=== Begin Enclosure ===

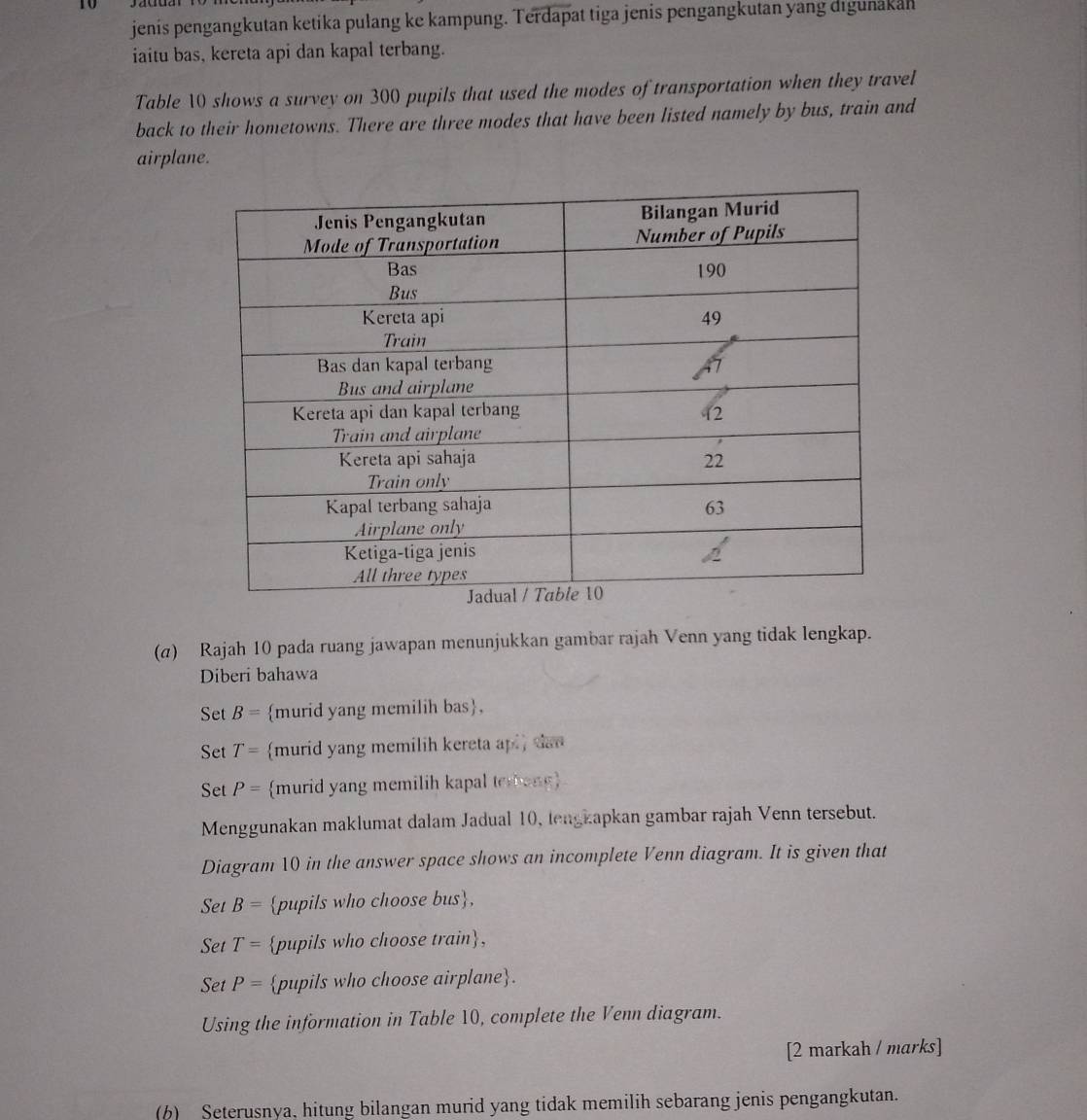 to 
jenis pengangkutan ketika pulang ke kampung. Terdapat tiga jenis pengangkutan yang digunakan 
iaitu bas, kereta api dan kapal terbang. 
Table 10 shows a survey on 300 pupils that used the modes of transportation when they travel 
back to their hometowns. There are three modes that have been listed namely by bus, train and 
airplane. 
(α) Rajah 10 pada ruang jawapan menunjukkan gambar rajah Venn yang tidak lengkap. 
Diberi bahawa 
Set B= murid yang memilih bas, 
Set T= murid yang memilih kereta api dan 
Set P= murid yang memilih kapal terbong 
Menggunakan maklumat dalam Jadual 10, lengkapkan gambar rajah Venn tersebut. 
Diagram 10 in the answer space shows an incomplete Venn diagram. It is given that 
Set B= pupils who choose bus, 
Set T= pupils who choose train, 
Set P= pupils who choose airplane. 
Using the information in Table 10, complete the Venn diagram. 
[2 markah / marks] 
(6) Seterusnya, hitung bilangan murid yang tidak memilih sebarang jenis pengangkutan.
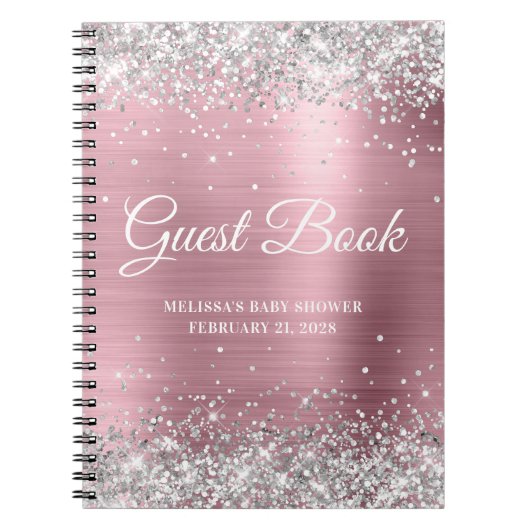 Silver Glitzer Light Pink Baby Showbook Notizblock (Vorderseite)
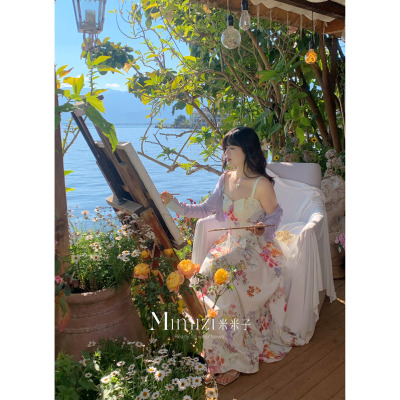 米米子微胖大码胖mm“柏林花事”复古风时尚气质碎花港风连衣裙春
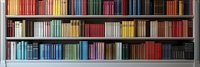 Colorful collection of books arranged by color on wooden bookshelf, creating rainbow spectrum display in library or bookstore.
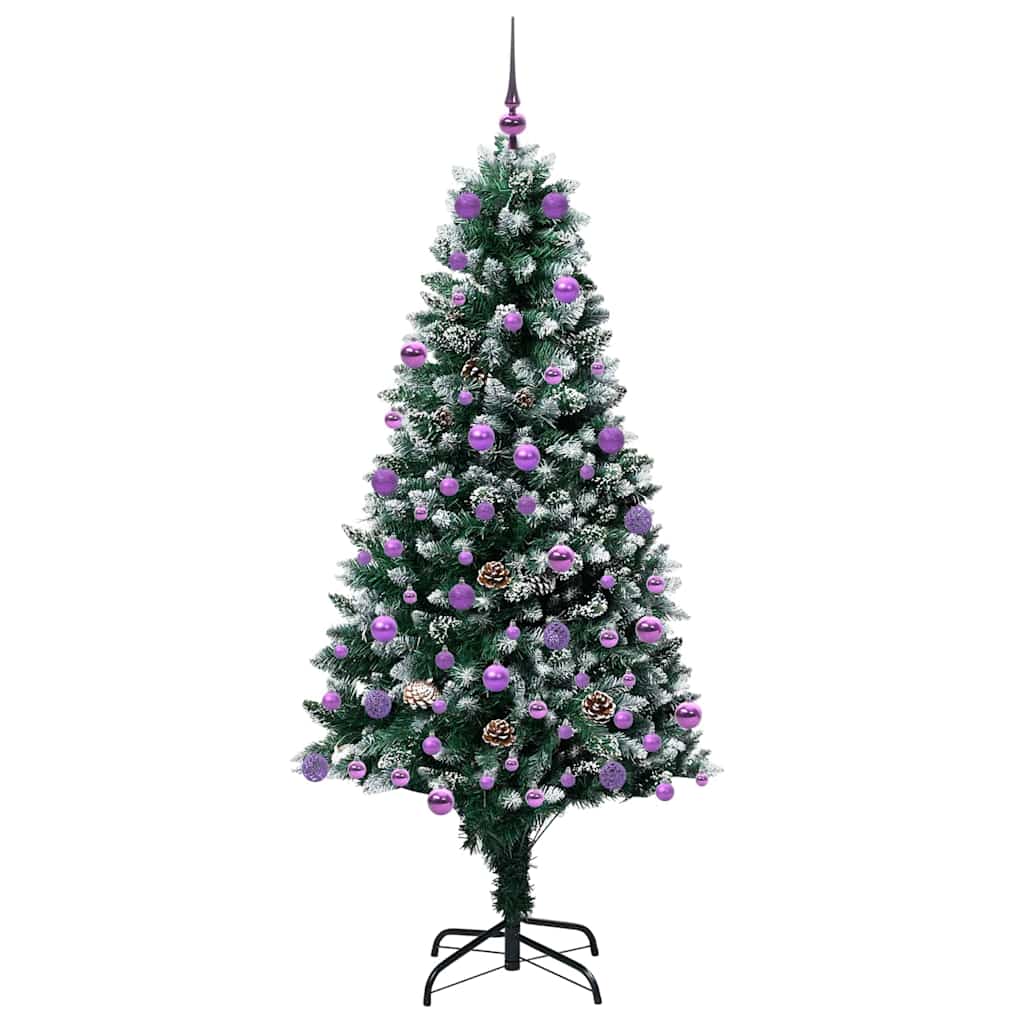 Kunstigt juletræ med stativ Grøn 180 cm PVC og Stål og Plastik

=== End Enclosure ===

### Activity
Copy every line above in which the string "that" shows up.

### Solved problem
Table 10 shows a survey on 300 pupils that used the modes of transportation when they travel 
back to their hometowns. There are three modes that have been listed namely by bus, train and 
Diagram 10 in the answer space shows an incomplete Venn diagram. It is given that 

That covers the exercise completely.